Unfortunately, this disrupts workflows and means that the company must work understaffed for a period of time. This limits the number of employees that can be trained and could increase the costs of education.
The on-the-job approach
At first, one could assume that on-the-job training involves taking eLearning courses at work, using a coaching app, or attending lessons that are taught inside of the office instead. While this is one example of on-the-job training, there are actually many more ways to utilize your existing staff members, services, and equipment to train employees on-the-job.
Here are some examples of on-the-job training that can seamlessly integrate with a new employee’s workflow:
- Partnering new employees with an experienced team member to shadow them and learn from their daily tasks and responsibilities.
- Assigning mentors to staff members that will soon be promoted to or assigned a leadership role.
- Rotating responsibilities between team members to ensure every member of staff understands the entire work process and how teamwork fits in.
- Internship training for college students to help them acclimate to different roles within the workplace.
These are just some examples of on-the-job training that are considered continuing professional development time (CPD time) and can form an active arm of a wider employee coaching initiative. These examples enable an employee to work, perform tasks, and generally be productive as they grow used to their tasks. They’re given an environment that lets them learn new skills while still contributing to the company.
Tracking CPD time
Keeping track of CPD time is important because it helps to optimize the processes that you use to educate new employees as they work.

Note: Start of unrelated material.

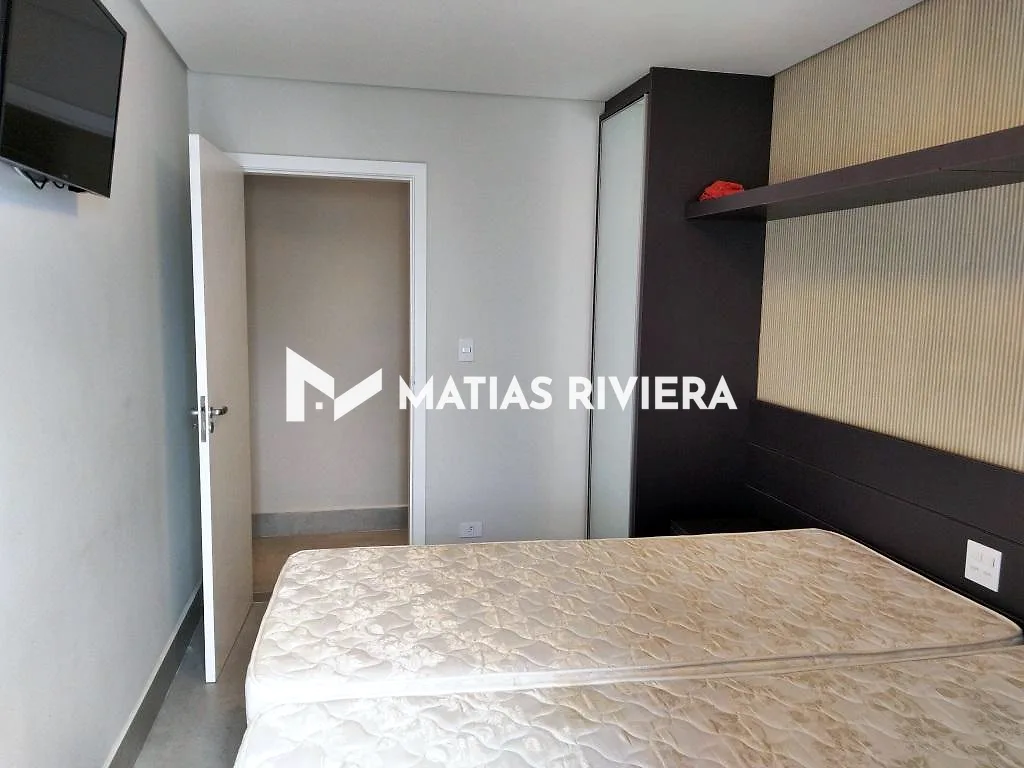 Cobertura CO0159 – foto 30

Start by recognizing when CPD is happening.
The first hurdle to overcome is understanding when CPD is actually happening in the workplace. This allows you to optimize various CPD processes, but it also helps businesses plan ahead so they can dedicate resources to on-the-job training. Since much of the training will be handled by existing employees in senior roles or experienced positions, it’s important to account for the time they will spend educating other employees and being away from their typical position.
CPD should be scheduled and included in an employee’s regular workday. This is because they are still being productive even if they are working at a reduced capacity, but they’re also learning new skills (or in the case of the educator, sharing their experiences and knowledge) that are going to be valuable in the near future for the entire business.
In addition, formal lessons held by outsourced educators and senior employees can still be effective despite not being considered on-the-job learning. This kind of dedicated learning process is still effective, especially during business downtime when there are no active projects going on, or if a company decides to dedicate certain days of the month to education and recapping skills.
Making learning practical
It’s time to change the way that businesses look at educating their employees. We should no longer be isolating employees when they are required to study new skills and gain more experience. Instead, we should make active use of the workplace environment to teach practical skills. However, these processes need to be intentional with dedicated resource planning and scheduling to ensure maximum efficiency and to optimize the workplace. CPD time is going to be huge consideration for businesses moving forward, and it’s important to start recognizing and tracking when it can occur during the ordinary workday as well as within formally organized training.